Still she says that didn't deter her from pursuing the thing that she wanted to do the most, which is to DJ. "I wouldn't change anything. From ever since, I wanted to do music. I remember them putting me on the sound box to DJ when I was eight, and I grew up listening to my father's sound Youth Man Promotions play every Thursday and Tenor Saw, Tony Rebel, Garnet Silk and them man deh were always there. So growing up, really that's all me see."

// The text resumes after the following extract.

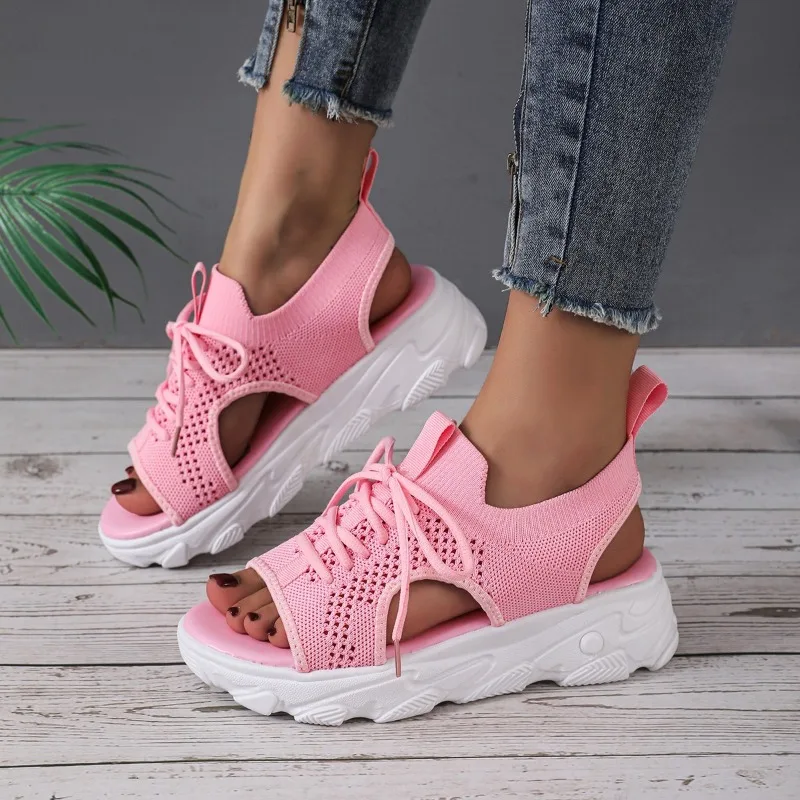 

Summer New Women's Sandals Mesh Casual Non-slip Sports Flat Lace Up Platform Sandalias Open Toe Beach Ladies Shoes Zapatos Mujer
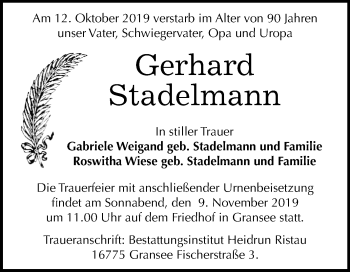 Traueranzeige von Gerhard Stadelmann von Super Sonntag Mansfelder Land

Fire Pashon has come a far way from deejaying on her father's sound box, because she has been touring the world and enjoying every moment of it. But there is a downside says, because she always misses her two kids. "The first time I leave them I went to Japan for three weeks and I called them everyday, and the worst thing is that the phone cards were so expensive. I will call them and be like 'You eat breakfast already? What colour shoes you have on, you like it?' and things like that. But I get a lot of help from the teachers because they know what kind of job I do," she said.
"But touring is good because it puts money in your pocket, and here in Jamaica, people don't really want to pay you because you are not a big artiste," she continued.
Fire Pashon who just returned from touring in the U.S. is now touring in Germany. She, however, says her main focus remains trying to make a name for herself in Jamaica.
"I am trying to get on more riddims, but it is hard. When I check producers they say it's full or it gone off already. Then you have the others, who are like 'tru is Minott's daughter so she shouldn't have no problem', but I do. I have to work as hard as anyone else to make my name," she said.
"So with everything that happens, I have to just put my foot down and say look I'm here. Pashon is here," she said.